# [What you have to do]
Return all of the data that follows precisely, leaving every image out.

# [Information shown]
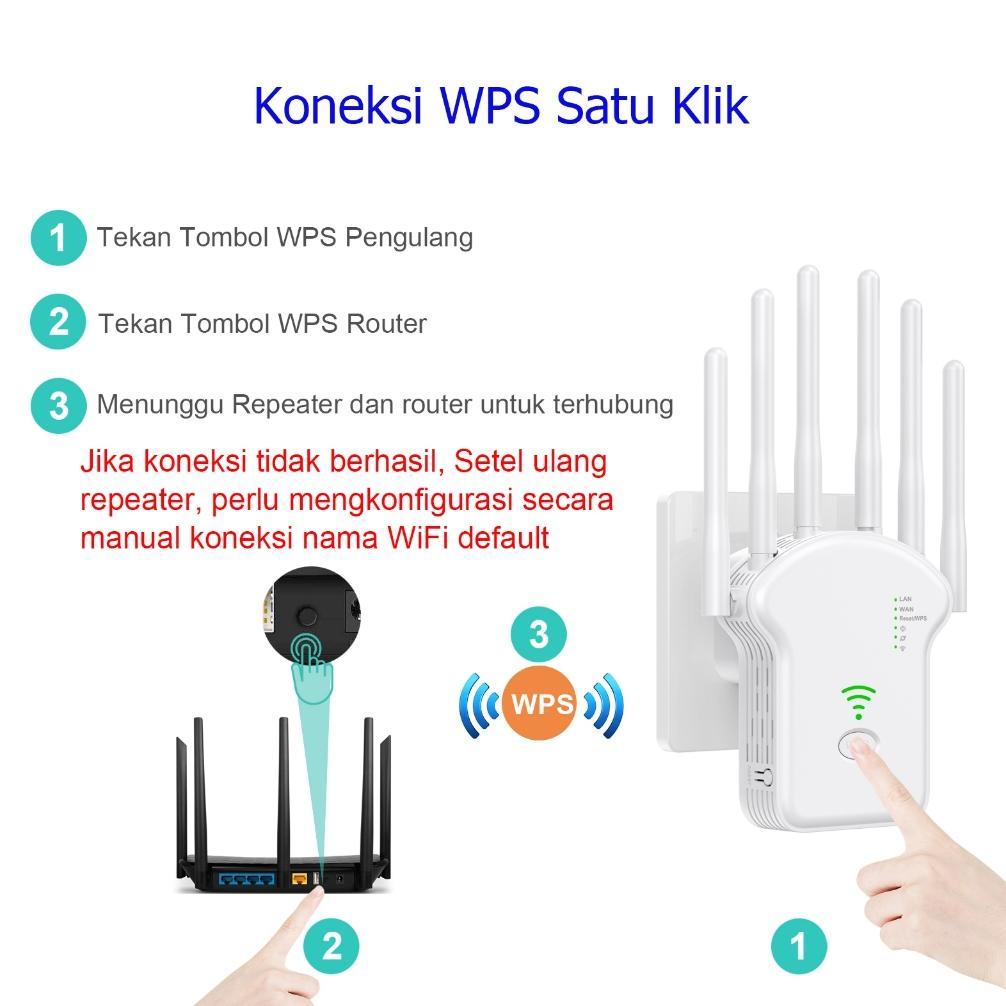 Pemancar Nirkabel Sinyal Jaringan 8 Antena Extender Wireless Wifi Range Router Pengulang Penguat Wif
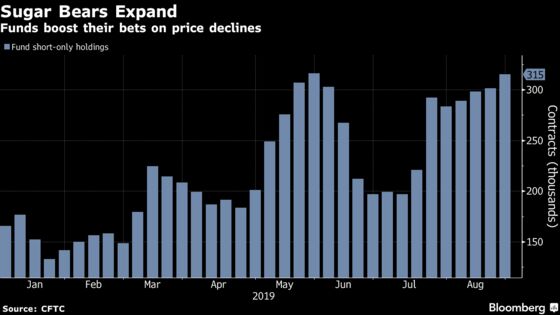 Sugar Price Chart Bloomberg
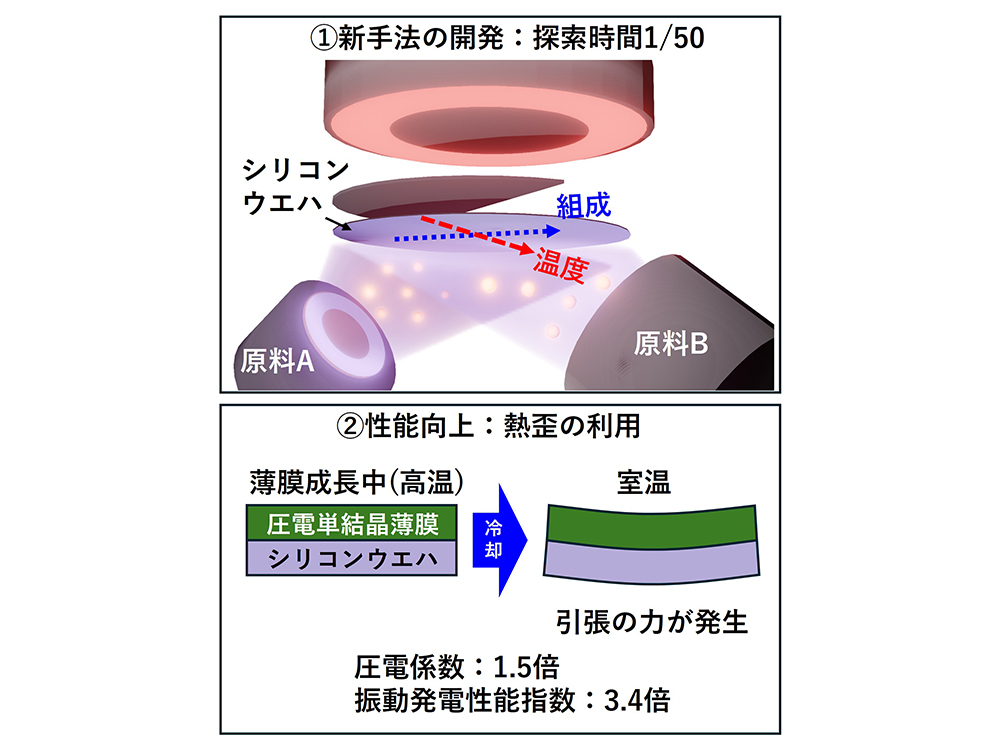 半導体基板上で非鉛圧電体の性能向上を実証 ～汎用成膜法で多数の条件を同時に評価し実現～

# [Task response]
 Pemancar Nirkabel Sinyal Jaringan 8 Antena Extender Wireless Wifi Range Router Pengulang Penguat Wif
 Sugar Price Chart Bloomberg
 半導体基板上で非鉛圧電体の性能向上を実証 ～汎用成膜法で多数の条件を同時に評価し実現～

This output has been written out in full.